Here's a benchmark comparing logging to console vs. logging to file (using NReco.Logging.File):

MethodMeanErrorStdDevMedian
Console232,008.7 ns3,605.41 ns3,372.50 ns231,885.4 ns
File650.7 ns23.81 ns70.22 ns619.7 ns

Console logging is many times slower. That said, these are synthetic benchmark numbers — in a real application the first database or network call dwarfs the difference. Still, why log to console if it wastes resources for no reason?

Configuration

You can filter which logs get written based on level and category:

builder.Logging.AddFilter<ConsoleLoggerProvider>("Default", LogLevel.Critical);
builder.Logging.AddFilter<Elastic.Extensions.Logging.Provider>("Default", LogLevel.Information);
builder.Logging.AddFilter<Elastic.Extensions.Logging.Provider>("Microsoft", LogLevel.Warning);
builder.Logging.AddFilter<Elastic.Extensions.Logging.Provider>("Jaeger", LogLevel.Warning);

But those rules apply to all environments, and you'd want more verbosity on dev/staging. That leads to spaghetti like this:

if (builder.Environment.IsProduction()) 
{
    builder.Logging.AddFilter<ConsoleLoggerProvider>("Default", LogLevel.Critical);
    builder.Logging.AddFilter<Elastic.Extensions.Logging.Provider>("Default", LogLevel.Information);
    builder.Logging.AddFilter<Elastic.Extensions.Logging.Provider>("Microsoft", LogLevel.Warning);
    builder.Logging.AddFilter<Elastic.Extensions.Logging.Provider>("Jaeger", LogLevel.Warning);
}
else
{
    builder.Logging.AddFilter<ConsoleLoggerProvider>("Default", LogLevel.Information);
    builder.Logging.AddFilter<Elastic.Extensions.Logging.Provider>("Default", LogLevel.Information);
    builder.Logging.AddFilter<Elastic.Extensions.Logging.Provider>("Microsoft", LogLevel.Information);
    builder.Logging.AddFilter<Elastic.Extensions.Logging.Provider>("Jaeger", LogLevel.Warning);
}

But why write this in code when it's essentially config that can live in Consul, configured per environment and updated at runtime?
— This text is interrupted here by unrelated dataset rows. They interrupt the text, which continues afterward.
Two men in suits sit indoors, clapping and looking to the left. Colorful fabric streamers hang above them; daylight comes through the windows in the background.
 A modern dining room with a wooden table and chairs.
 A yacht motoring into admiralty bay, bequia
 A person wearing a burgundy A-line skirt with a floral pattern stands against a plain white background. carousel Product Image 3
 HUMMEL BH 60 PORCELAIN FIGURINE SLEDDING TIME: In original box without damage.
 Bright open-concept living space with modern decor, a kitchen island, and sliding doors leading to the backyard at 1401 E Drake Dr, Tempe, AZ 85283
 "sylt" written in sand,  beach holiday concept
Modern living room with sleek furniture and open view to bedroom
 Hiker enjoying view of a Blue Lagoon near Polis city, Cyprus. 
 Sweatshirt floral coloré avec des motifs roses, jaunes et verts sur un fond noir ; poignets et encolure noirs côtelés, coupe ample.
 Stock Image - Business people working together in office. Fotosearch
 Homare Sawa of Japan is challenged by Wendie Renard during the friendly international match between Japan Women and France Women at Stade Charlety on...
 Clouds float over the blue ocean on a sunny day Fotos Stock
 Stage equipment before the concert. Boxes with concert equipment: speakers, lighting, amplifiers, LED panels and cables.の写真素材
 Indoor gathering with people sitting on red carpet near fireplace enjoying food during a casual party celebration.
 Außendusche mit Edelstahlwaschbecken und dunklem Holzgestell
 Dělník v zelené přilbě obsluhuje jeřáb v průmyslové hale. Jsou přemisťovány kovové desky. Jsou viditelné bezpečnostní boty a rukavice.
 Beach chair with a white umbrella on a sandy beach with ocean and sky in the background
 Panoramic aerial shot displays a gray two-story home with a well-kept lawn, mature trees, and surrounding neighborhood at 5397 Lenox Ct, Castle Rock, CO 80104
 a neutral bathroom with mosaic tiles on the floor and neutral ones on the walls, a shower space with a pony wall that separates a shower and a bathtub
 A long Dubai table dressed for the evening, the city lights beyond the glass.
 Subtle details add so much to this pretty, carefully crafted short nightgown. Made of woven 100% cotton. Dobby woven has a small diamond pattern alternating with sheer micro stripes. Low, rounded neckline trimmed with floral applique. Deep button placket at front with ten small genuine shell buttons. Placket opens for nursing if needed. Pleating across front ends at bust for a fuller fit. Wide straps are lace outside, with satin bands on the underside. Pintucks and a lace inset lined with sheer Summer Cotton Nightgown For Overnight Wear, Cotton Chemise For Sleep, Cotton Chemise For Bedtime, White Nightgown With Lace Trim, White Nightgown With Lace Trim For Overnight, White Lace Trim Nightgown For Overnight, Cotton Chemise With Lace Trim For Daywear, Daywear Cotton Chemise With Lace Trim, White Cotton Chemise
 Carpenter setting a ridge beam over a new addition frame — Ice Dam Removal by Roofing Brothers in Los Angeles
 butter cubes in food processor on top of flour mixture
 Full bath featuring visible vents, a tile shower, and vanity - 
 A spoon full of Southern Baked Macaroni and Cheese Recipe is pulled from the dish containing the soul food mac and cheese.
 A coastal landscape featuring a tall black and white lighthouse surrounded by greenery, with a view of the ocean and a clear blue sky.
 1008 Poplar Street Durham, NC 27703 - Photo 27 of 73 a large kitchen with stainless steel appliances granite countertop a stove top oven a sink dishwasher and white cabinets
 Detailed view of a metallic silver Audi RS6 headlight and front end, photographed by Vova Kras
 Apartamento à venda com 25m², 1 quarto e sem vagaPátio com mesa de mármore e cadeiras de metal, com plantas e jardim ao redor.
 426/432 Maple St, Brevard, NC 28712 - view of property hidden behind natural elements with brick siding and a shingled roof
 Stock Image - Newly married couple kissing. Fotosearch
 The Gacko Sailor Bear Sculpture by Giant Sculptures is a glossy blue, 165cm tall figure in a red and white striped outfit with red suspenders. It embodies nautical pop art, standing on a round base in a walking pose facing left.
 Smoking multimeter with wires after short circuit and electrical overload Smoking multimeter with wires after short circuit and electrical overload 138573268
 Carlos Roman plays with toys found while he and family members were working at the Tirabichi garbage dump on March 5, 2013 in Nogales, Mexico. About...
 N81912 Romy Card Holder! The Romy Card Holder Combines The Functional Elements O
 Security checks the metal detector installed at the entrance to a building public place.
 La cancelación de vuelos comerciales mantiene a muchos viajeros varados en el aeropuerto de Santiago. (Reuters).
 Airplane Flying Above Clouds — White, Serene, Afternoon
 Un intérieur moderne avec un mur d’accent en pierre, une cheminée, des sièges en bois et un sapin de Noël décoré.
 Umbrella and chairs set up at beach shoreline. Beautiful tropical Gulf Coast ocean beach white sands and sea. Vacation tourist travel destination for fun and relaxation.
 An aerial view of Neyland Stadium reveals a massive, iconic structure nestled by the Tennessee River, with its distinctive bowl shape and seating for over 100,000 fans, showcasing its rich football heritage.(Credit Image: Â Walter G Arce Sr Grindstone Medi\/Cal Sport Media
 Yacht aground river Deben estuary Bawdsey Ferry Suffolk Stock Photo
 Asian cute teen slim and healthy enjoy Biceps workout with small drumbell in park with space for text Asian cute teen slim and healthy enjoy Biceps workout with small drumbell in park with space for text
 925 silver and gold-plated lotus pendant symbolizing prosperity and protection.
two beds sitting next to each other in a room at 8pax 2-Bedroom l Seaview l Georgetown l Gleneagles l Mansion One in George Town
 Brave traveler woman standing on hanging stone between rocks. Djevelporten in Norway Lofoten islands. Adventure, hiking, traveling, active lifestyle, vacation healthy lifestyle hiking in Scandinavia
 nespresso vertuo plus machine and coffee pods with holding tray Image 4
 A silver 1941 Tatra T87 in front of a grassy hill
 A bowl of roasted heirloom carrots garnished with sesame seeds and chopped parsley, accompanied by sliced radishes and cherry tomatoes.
The proposed JSON configuration:

{
    "Logging": {
        "Console": {
            "LogLevel": {
                "Default": "Critical"
            }
        },
        "Elastic": {
            "Default": "Information",
            "Microsoft": "Warning",
            "Jaeger": "Warning"
        }
    }
}

Which translates to key-value pairs in Consul:

Logging config in Consul

In this example, console output is suppressed in production (only Critical errors), while Elasticsearch receives everything at Information and above — except Microsoft and Jaeger namespaces, which only ship Warning and higher.

Conclusion

  1. Write logs — they help you and everyone else.
  2. Write them thoughtfully: clear messages with context, the right category, and the right level.
  3. Don't use string interpolation or JsonSerializer in log calls — write structured logs.
  4. In addition to setting log levels, configure filtering to suppress noise per environment.
  5. Handle errors properly — stop littering your code with useless try-catch blocks.